Martin Rubey wrote:
>
> Waldek Hebisch <[EMAIL PROTECTED]> writes:
>
> > 3) I tried guessExpRat to force the result to be polynomial, but guessExpRat
> > seems to a lot of time (I was too impatient to actually see any answer). I
> > wonder what method is used in guessExpRat?
>
> Also described in the article. Yes, this method actually doesn't really work
> for lists longer than about 10 items, unless you have a supercomputer, that
> is.
>
> > guessRec seem to reasonably quickly find difference equation satisfied by a
> > function. Once we know f(n+1)/f(n) asymptotic at infinity should immediatly
> > give us exponential factor.
>
> The hard part is to get the asymptotic at infinity :-) As far as I know,
> functions of the form
>
> (a+b*n)^n*q(n)
>
> (a,b are fractions, q a rational function) does not necessarily satisfy a
> difference equation.
>
Hmm, if f(n) = (a+b*n)^nW_1(n)/W_2(n) and W_2(n+1) and W_2(n) are non-zero,
then we have
W_2(n+1)*W_1(n)*f(n+1) = (a+n*n)*W_2(n)*W_1(n+1)*f(n) (**)

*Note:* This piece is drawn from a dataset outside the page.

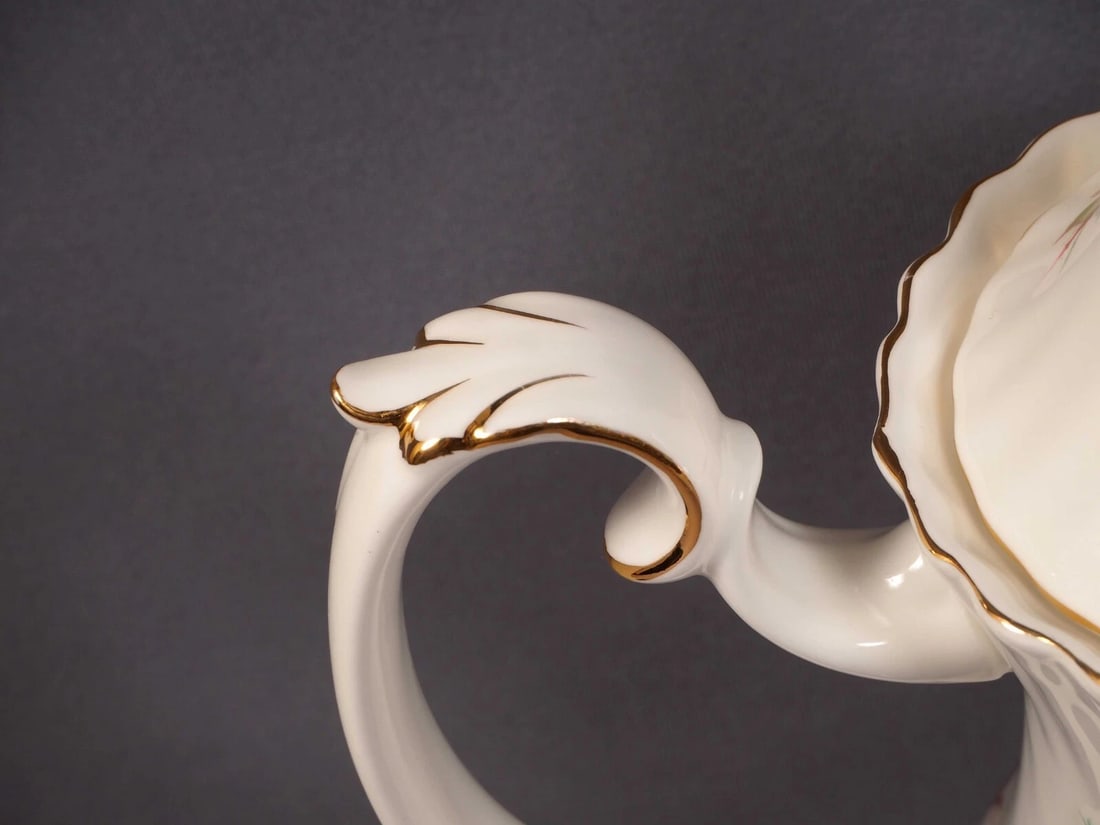 Royal Albert Centennial Rose Coffee Tea Cup Saucer Teapot Sugar Bowl Creamer - 5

If W_2(n+1) or W_2(n) is zero, then corresponding value of f is
undefined, so the equation is valid when ever it makes sense.
I guess that you are saying the following: given degree bound
d_1 for W_1 and d_2 for W_2 we may try to rewrite the equation in
linear form:
P_1*f(n+1) = P_2*f(n) (***)
with deg(P_1) = d_1 + d2 and deg(P_2) = 1 + d_1 + d_2. To
have unique solition we need 2*(d_1 + d_2 + 1) + 1 equations, so
2*(d_1 + d_2) + 3 data points. In nonliner equation (**) we
have d_1 + d_2 + 3 unknowns, so d_1 + d_2 + 4 data points
should be enough. Indeed, if I gave guessExpRat smaller
number of points, then it worked.
--
Waldek Hebisch
[EMAIL PROTECTED]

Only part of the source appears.